In 2018, the Broadband Forum (BBF) decided to step into the access fray, once more. This time, it was to tackle Fixed Mobile Convergence (FMC) in 5G networks. With the prospect of 5G fixed wireless access speeds either supporting (i.e for back-up, bursting, etc.) or outright mitigating the need for local loops, the BBF are liaising with the 3GPP in defining an Access Gateway Function (AGF) that resides between the wireline access infrastructure and wireless core network. The case for 5G FMC is being outlined within SD-407, while the requirements of the AGF will be defined within working text WT-456. Work is also ongoing on the corresponding 3GPP technical specification: TS 23.316 V0.2.0 Group Services and System Aspects Wireless and wireline convergence access support for the 5G System (5GS), aka 5G WWC.9


5G Fixed Mobile Convergence (FMC)

Implemented with complete control and user plane separation (CUPS), the AGF will support Residential Gateways (RGs) that include 5G Non-Access Stratum (NAS) signaling (5G-RG) and RGs that are purely wireline (FN-RG), as defined within TR-124 issue 5: Functional Requirements for Broadband Residential Gateway Devices. These RNs will employ the application layer protocol for remote management of customer-premises equipment (CPE), defined within TR-069.

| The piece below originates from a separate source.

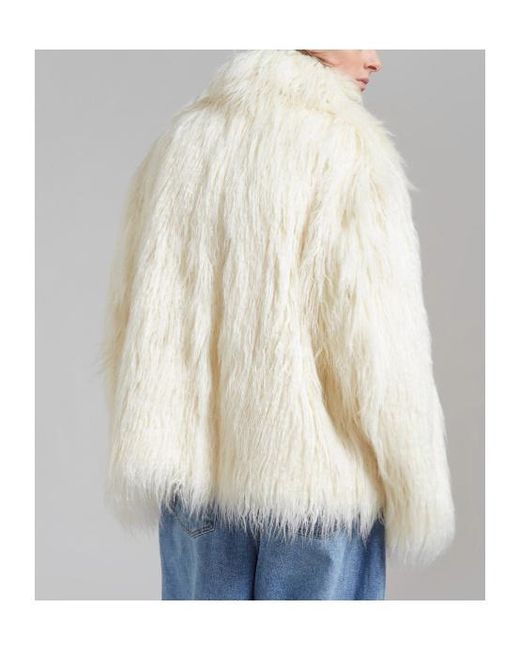 Frankie Shop White Liza Short Faux Fur Coat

Not only is the 5G core delivering on mobility services, it is also acting as the backbone infrastructure for services typically delivered via a wireline network. Outside the control plane (CP) and user plane (UP) separation, the AGF differs from a classic BNG (or BRAS) in that the northbound signaling interfaces for AAA are those defined within 5G specifications, with the AUSF providing the common server functionality. N1 may originate natively, in the case of the 5G-RN, and be transported either over the wireline access or wireless infrastructure. Where there is no native NAS support, as in the case of the FN-RG, the control plane function of the AGF-CP performs interworking between the wireline user/endpoint control plane and authentication techniques and the NAS. The same goes for the user plane, where any transport of tunneling mechanisms are stripped and replaced by the GPRS Tunneling protocol by the AGF-UP. While the N2 and N3 reference interfaces are well defined,10 the interfaces downstream from the AGF to the RG will be specified within the BBF’s WT-456.

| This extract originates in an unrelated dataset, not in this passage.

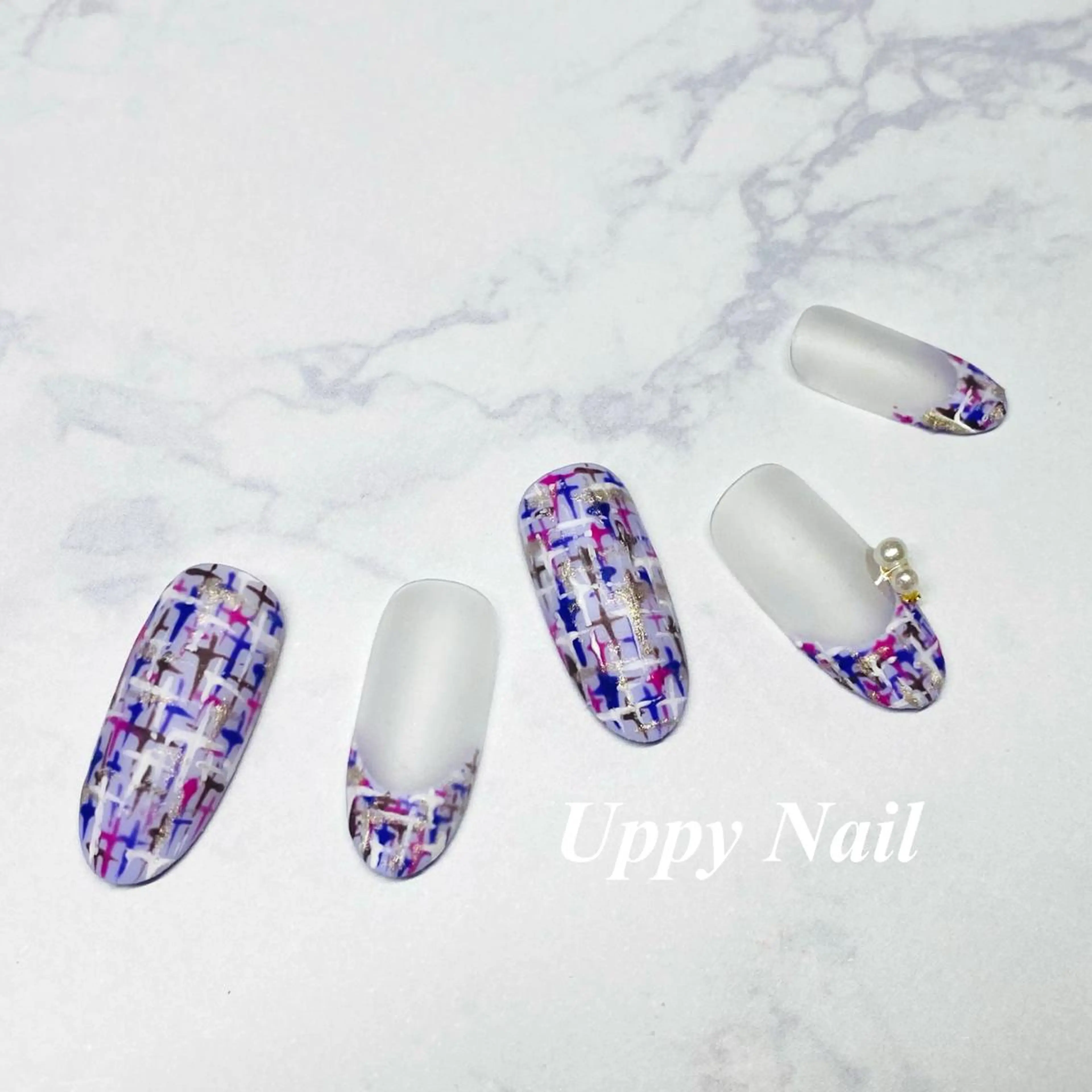 ネイル ツイードネイル ハンドネイル Uppy Nail ukyoのネイルデザイン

AGF control and user plane protocol stack interworking

Employing fixed mobile core convergence dramatically reduces the number of distinct components and technologies required to support broadband services. Not only does this lower capital and operational expenses, it simplifies management and provisioning. With 5G’s Service Based Architecture (SBA), we can also inject wireline access with the kind of features promised by this modern applications infrastructure, such as end-to-end network slicing and service chaining. With common Quality-of-Service (QoS) policy control -- regardless of the mix of access mechanisms employed -- traffic can also be policed end-to-end.

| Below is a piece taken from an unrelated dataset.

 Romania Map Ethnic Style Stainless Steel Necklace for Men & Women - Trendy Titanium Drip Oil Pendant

Like every other 5G Core component, the control plane and user plane access gateway is a cloud native network function that is deployed within a multi-access edge compute environment.11  While this is a relatively simple proposition for the control plane component, the AGF user plane requires high-power packet processing of the type typically enabled by dedicated Application Specific Integrated Circuits (ASICs) and network processors, rather than the x86 CPU architecture that is the foundation of cloud infrastructures.

There have been major inroads in cloud packet processing in the last few years,12 but these initiatives still fall short of delivering an alternative to dedicated switching and routing hardware. As a cloud native software company, this is something our engineering team have been focused on in the last few years. The result is our Composable Network Application Processor (CNAP), which is a technology I’ve highlighted in previous posts13 and is what we employ to support the equally demanding 5G User Plane Function (UPF).14  

As I continually enjoy pointing out in these posts, new technology is rarely actually new. As we make the transition to pure cloud native network architectures, however, even an evolutionary platform such as the AGF demands a significant degree of innovation. Outside the huge gains in spectral efficiencies and bandwidth, 5G represents an opportunity to completely rethink how wireless and wireline infrastructures are built… and who builds them.

For more information about our 5G Core offerings, check out our solutions page or contact us here.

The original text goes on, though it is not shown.